As we head toward the Oscar nominations, I'm hoping Terence Malick's The Tree of Life isn't overlooked.  In some ways it is a "difficult" movie—shifting from the cosmic to the mundane with nary a violin crescendo to warn us, its narrative structure committed to the conceit that what we are seeing is all memory, personal as well as collective-unconsciously.  For others, though, it's what Roger Ebert recently in a blog entry on the movie Contact referred to (with some affection) as "New Age woo-woo."  I was knocked out by The Tree of Life, joining others who couldn't help comparing it to 2001—another acid test of one's tolerance for High Woo-Woo.

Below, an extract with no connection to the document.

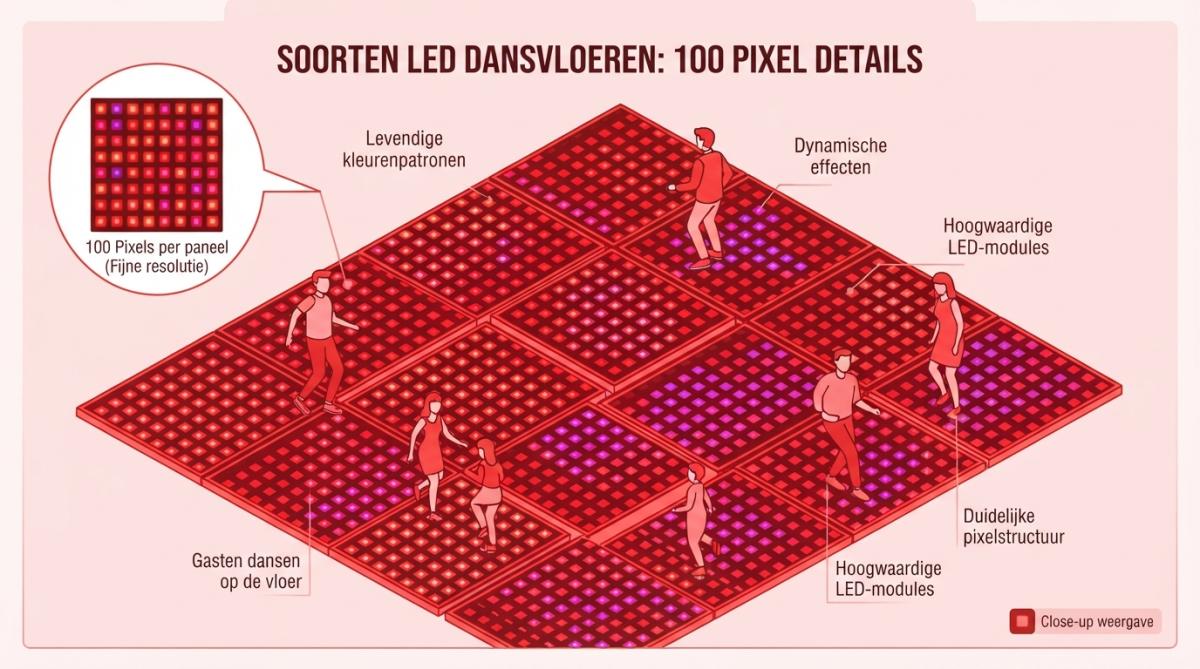Close-up van een 100 Pixel LED dansvloer met fijne pixeldetails, verlicht in verschillende kleuren met gasten dansend erop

Anyway, in case you're following the Oscars but not Malick's career, you might want to check out The Thin Red Line, Malick's 1998 film about, among many other things, the battle for Guadalcanal in the Pacific during WWII.  The cast is extensive—including Nick Nolte, Sean Penn, George Clooney, Adrien Brody, James Caviezel, Woody Harrelson, John Cusack, Elias Koteas, John C. Reilly, John Travolta, and Tim Blake Nelson (whew!)—but to this he adds a larger cast, the same one he features in The Tree of Life: Nature herself, cloud and insect, ocean and leaf.  This is a "war movie" (almost) in the same way that his current picture is a "family drama"—although The Thin Red Line does seem more grounded in recognizable combat film conventions, from chain-of-command infighting and sweeping battle scenes to G.I. Joes and their stories and hopes and fears.  Still, it is almost three hours of meditation on war as much as it is war movie.  But, as with all of his (few--five since 1973!) films, one's patience is rewarded.  Like any "true" artist, he goes where he will; we follow if we choose, no matter to him.

Friday, January 6, 2012

True Grit (2010)

Just passing along some good news: one of the best films of recent years, True Grit, is on Instant Play. It's a beautiful movie--its landscapes not as dramatic as the 1969 version, but photographed so well, the characters and action framed in spaces that look nothing like "scenery." And it's maybe one of the Coen bros.' most morally complex films, in that the justice enacted is fraught with losses, and the plucky young heroine is forced to see each one, and learn to live with them. Besides, the narration is typically Coen-perfect, and Jeff Bridges rolls himself up into a ball bigger and messier than the Dude's. All in all, one of those rare occasions when a remake makes perfect sense.

Thursday, January 5, 2012

Parents (1989)


I've decided to revive this site--and the strongest motivation is the return of this dark comedy. Parents satirizes an easy target--1950s-style suburbia--but does so with an old-school "sick humor" attitude that is reminiscent of not only the '50s but the kind of humor that decade inspired--pure E.C. comics/Mad magazine "humor in a jugular vein." I'm not entirely happy with the climax, but 90% of this movie is as creepy, funny, lurid, and at times downright nightmarish as one could wish--if one harbors such dark wishes.

Again, it's good to be back--although maybe I've should've chosen a less unsavory movie to kick off the new year. Oh, well: Enjoy Randy Quaid at his skinny-tie (and waistline!) best, along with Mary Beth Hurt as perky as Barbara Billingsley with a cleaver (heh-heh-heh)--and Sandy Dennis, who doesn't even have to try to fit right into this kind of material.